«Era maggio. Il mese più bello dell’anno. Era il settimo giorno del mese: le nonae. C’era sole. C’erano i fiori sugli alberi e nei prati, c’erano, a chiudere l’orizzonte, le grandi montagne: le Alpi, ancora bianche di neve…. La gente scappava. Da tre, quattro giorni: per la strada che attraversava il villaggio di Proh venendo da Novara e dagli altri borghi della pianura si snodava una processione ininterrotta di uomini e di donne curvi sotto i peso delle cose che dovevano assolutamente essere portate in salvo e che i più ricchi avevano potuto caricare se un asino, su un cavallo o addirittura su un carro…» Così inizia il primo capitolo di Terre selvagge, il nuovo romanzo di Sebastiano Vassalli, che dopo quasi cinquant’anni lascia i “Supercoralli “di Einaudi, di cui è stato fino a oggi una delle bandiere, per passare nella collana “La Scala” di Rizzoli essendo dopotutto opinionista del “Corriere della Sera”. È un ritorno al romanzo storico di ampio respiro e ciò che conta è la qualità della scrittura capace di illuminare un momento storico dimenticato che tuttavia ha fatto epoca. Si tratta della battaglia dei Campi Raudii del 101 a.C. che ha meritato anche un dipinto di Tiepolo dal titolo La battaglia di Vercelli: in effetti il luogo dello scontro tra Romani e Cimbri è nella pianura tra Vercelli e Novara, dove lo scrittore vive e ha ambientato alcuni dei suoi maggiori romanzi, fin dal ’600 della Chimera, long seller entrato tra i libri più letti nei licei accanto ai Promessi sposi. Anche quest’ultimo libro ha le carte in regola per diventare una lettura amata dai giovani attratti dall’antica civiltà romana.
Scrive Vassalli: «La pianura del Po è una lavagna su cui sono state scritte infinite storie che poi il tempo si è incaricato i cancellare per scriverne delle altre; e così deve anche essere successo con la madre di tutte le storie, cioè questa».
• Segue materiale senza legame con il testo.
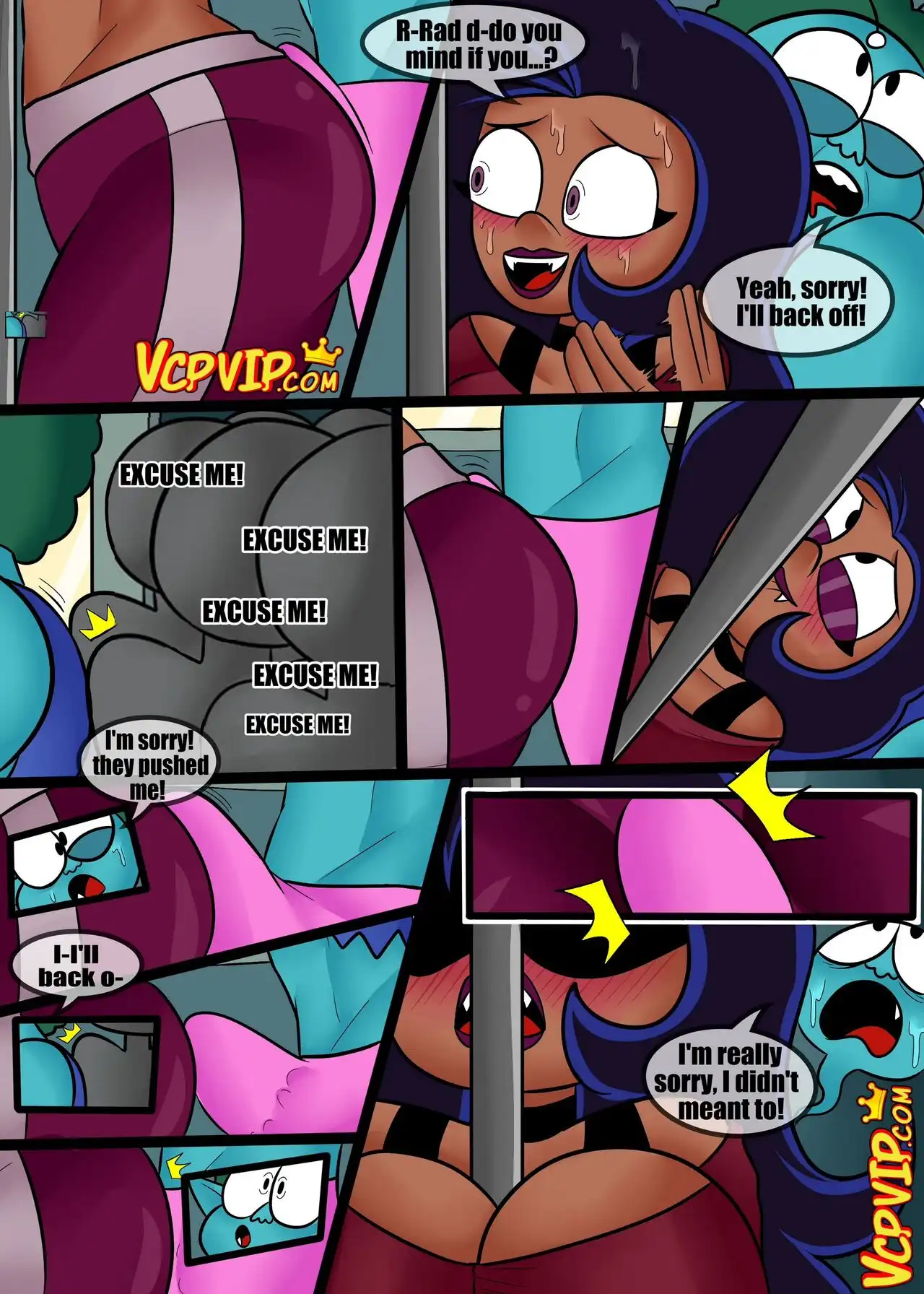 Ok Ko Horny Subway – Zaicomaster - 4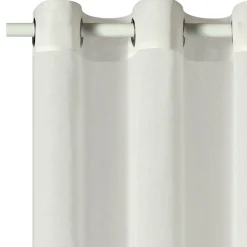 Discount Voilage SELVA coloris blanc 140 x 240 cm - 4MURS Voilages, Vitrages, Stores Et Accessoires|Rideaux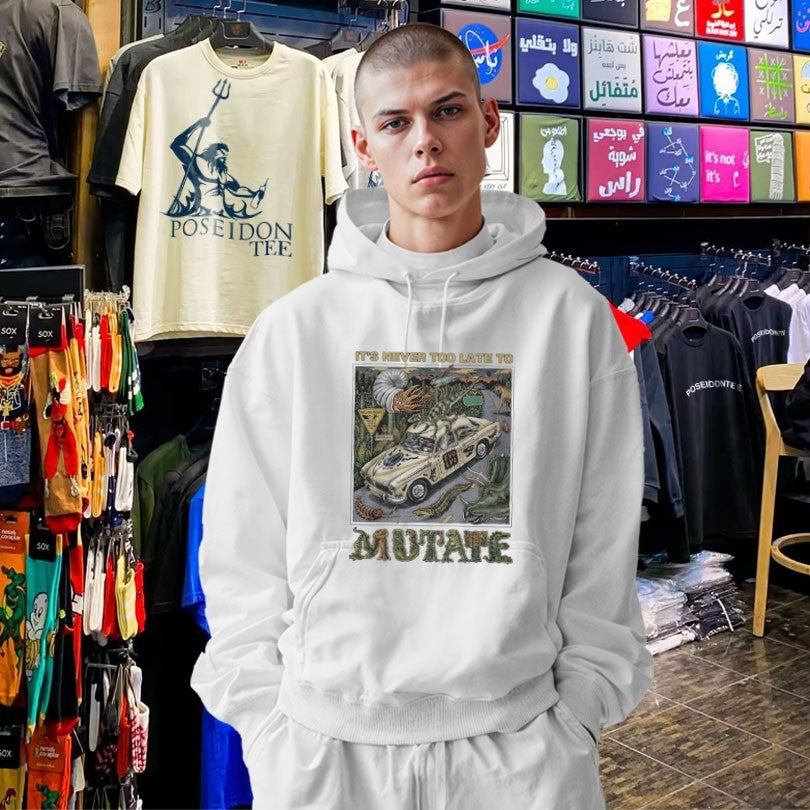 It’s Never Too Late To Mutate Unisex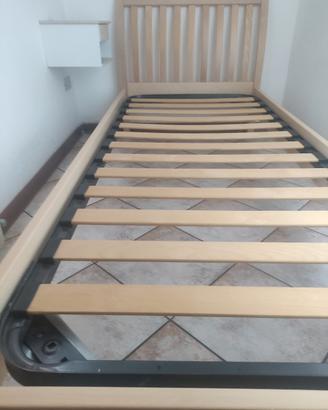 letto e comodino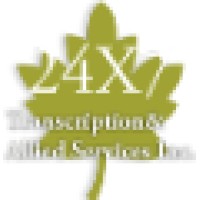 247 Transcription & Allied Services Inc. logo - Similar company to Vtex Voice Solutions Inc.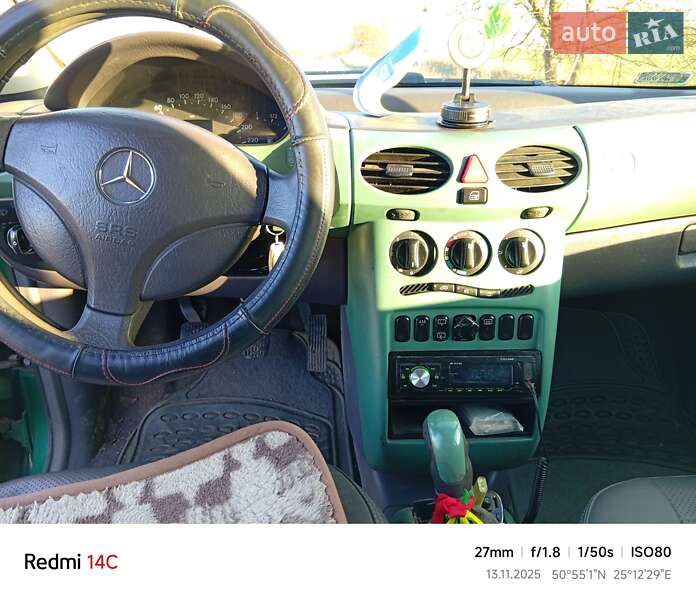 Хетчбек Mercedes-Benz A-Class 1999 в Рожище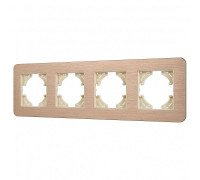 Рамка на 4 поста Arlight AKIRY 049733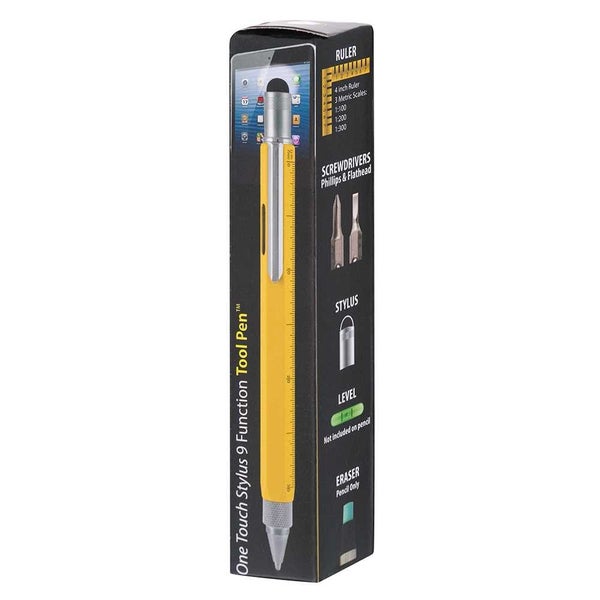Monteverde Tool Pen Yellow Carousel 4
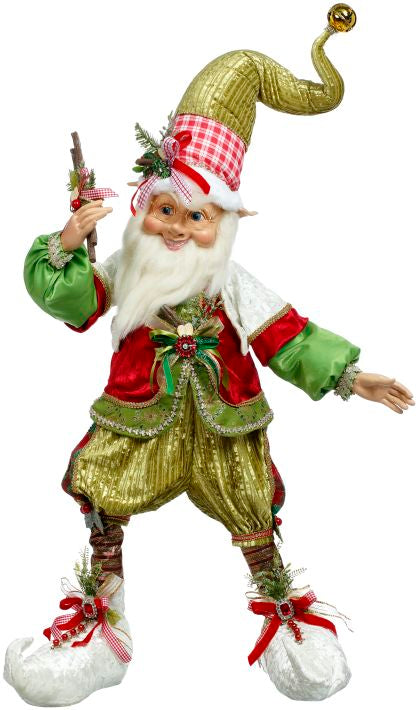 North Pole Apple Cinnamon Elf - 36 Inches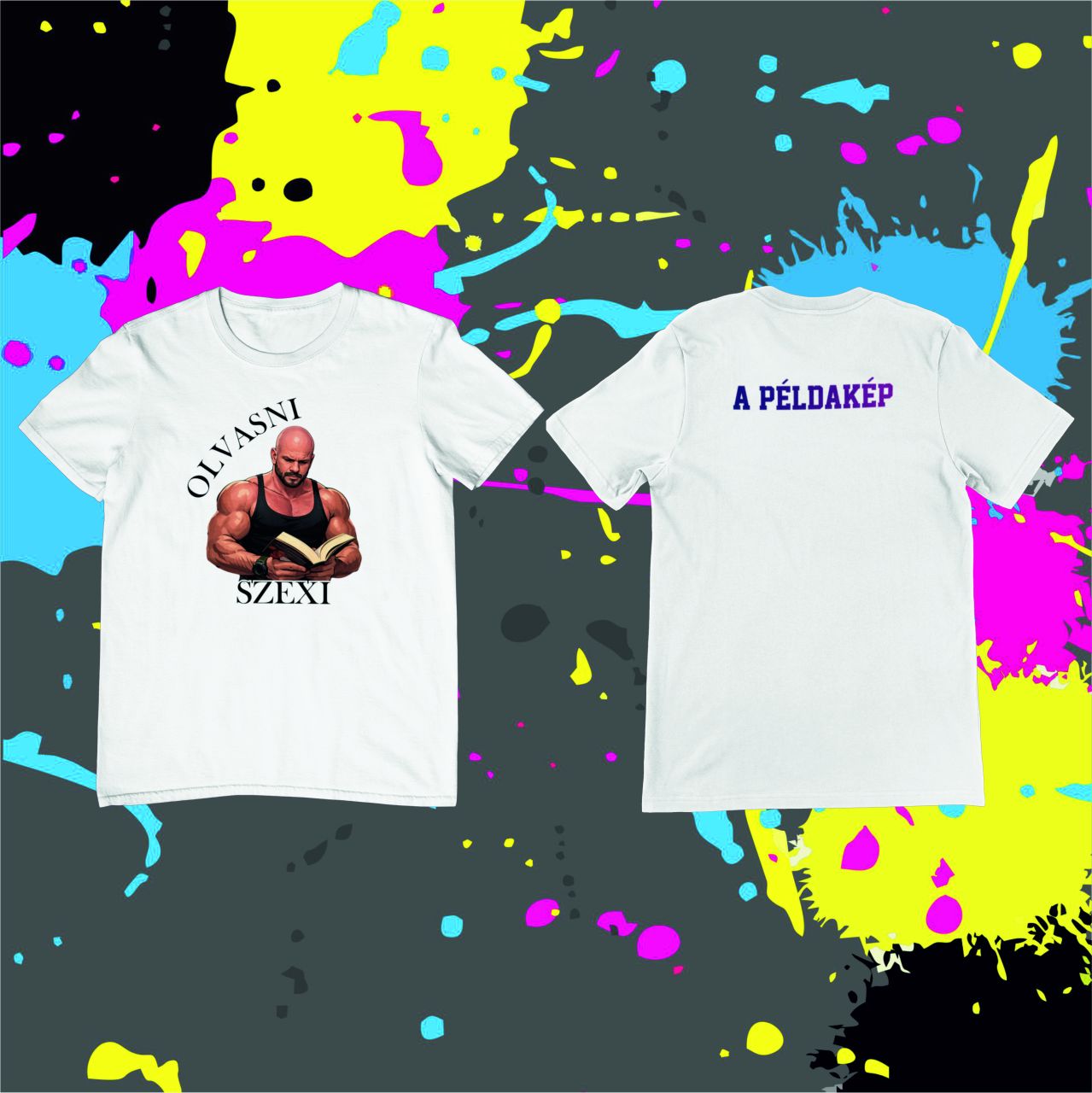 Olvasni szexi! - Férfi póló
Dunque un grande narratore e la grande storia. Vassalli racconta una battaglia che ha cambiato la Storia: Terre selvagge è un viaggio nel tempo, in un’Italia ancora misteriosa, così vicina e così lontana da quella che conosciamo. Un romanzo che è una lettura da consigliare per capire la storia antica e la storia attuale. Dal risvolto di copertina: «Ai piedi del monte Rosa, impassibile nella sua armatura di ghiacci, dimora degli dei, centro del mondo conosciuto, si estende una pianura fitta di boschi e pericoli. In questa terra a sud delle Alpi, disabitata e talmente inospitale che nel 101 a.C. non ha ancora un nome, sono schierati uno di fronte all’altro, su una superficie lunga chilometri, i due eserciti più grandi del continente. Duecentomila uomini pronti a combattere corpo a corpo, a massacrarsi fino allo stremo: a fare la guerra nel modo in cui la guerra veniva fatta oltre due millenni fa. Da una parte un popolo di invasori, anzi di “diavoli”, che ha percorso l’Europa in lungo e in largo, portando distruzione ovunque, ed è dilagato nella valle del Po saccheggiando città e villaggi, mettendo in fuga gli abitanti. È il popolo dei Cimbri, invincibile da vent’anni e deciso, forse, ad attaccare persino Roma. Dall’altra parte c’è il console Caio Mario, l’uomo nuovo della politica, con il suo esercito di plebei ed ex schiavi, l’ultimo in difesa dell’Urbe. Quella che stanno per affrontare non è una battaglia, è lo scontro tra due civiltà al bivio cruciale della sopravvivenza, è un evento destinato a cambiare la Storia. Terre selvagge è un viaggio nel tempo, in un’Italia ancora misteriosa, così vicina e così lontana da quella che conosciamo. È il racconto di una pagina drammatica della vicenda umana, finora avvolta da incertezze, falsità e malintesi. È, soprattutto, un maestoso mosaico di ambizioni e di paure, nel quale è custodita la chiave per capire molte cose anche del presente».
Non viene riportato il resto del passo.